ASSIGNMENT: Output only the lines from the line holding "Parasites - Onchocercoma" through the close of the records, exactly as they appear, with all pictures omitted.

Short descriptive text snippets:
========

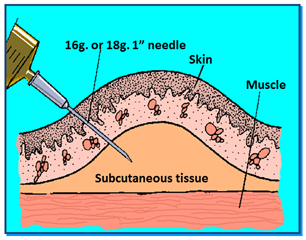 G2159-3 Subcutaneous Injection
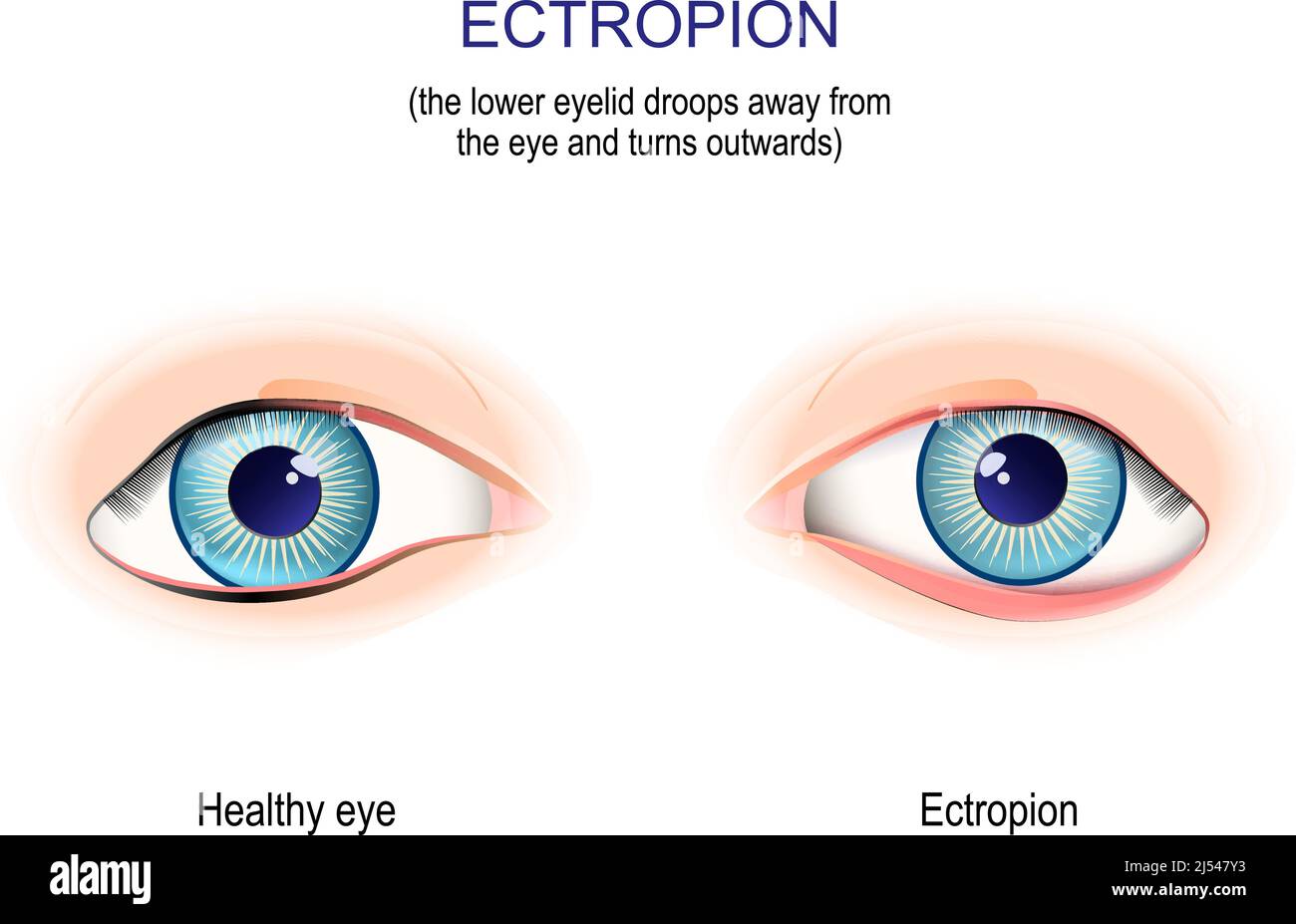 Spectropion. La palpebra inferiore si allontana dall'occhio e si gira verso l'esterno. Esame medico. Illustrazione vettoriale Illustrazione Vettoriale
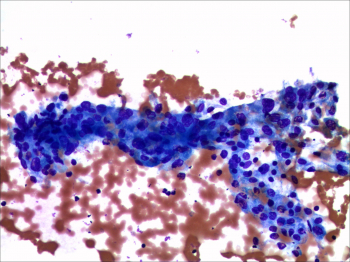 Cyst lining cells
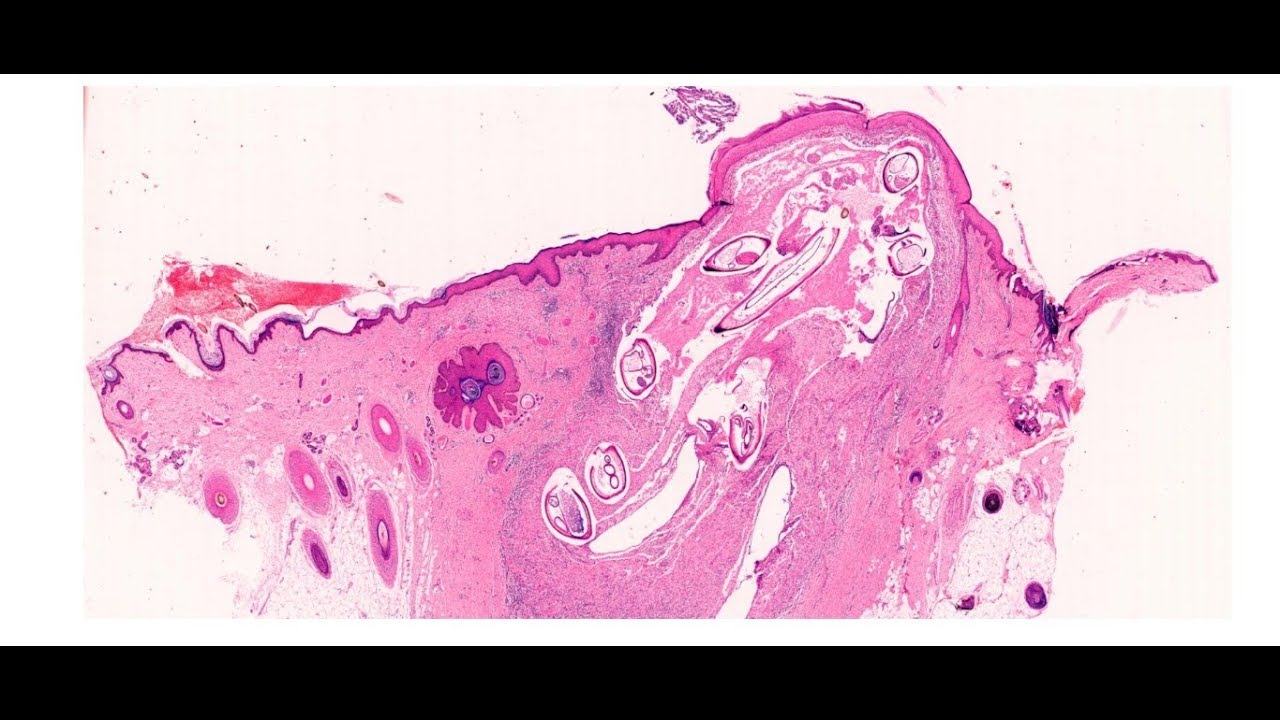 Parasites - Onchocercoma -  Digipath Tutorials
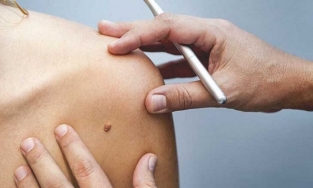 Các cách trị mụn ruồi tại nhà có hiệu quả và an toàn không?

========

TASK RESULT:
 Parasites - Onchocercoma -  Digipath Tutorials
 Các cách trị mụn ruồi tại nhà có hiệu quả và an toàn không?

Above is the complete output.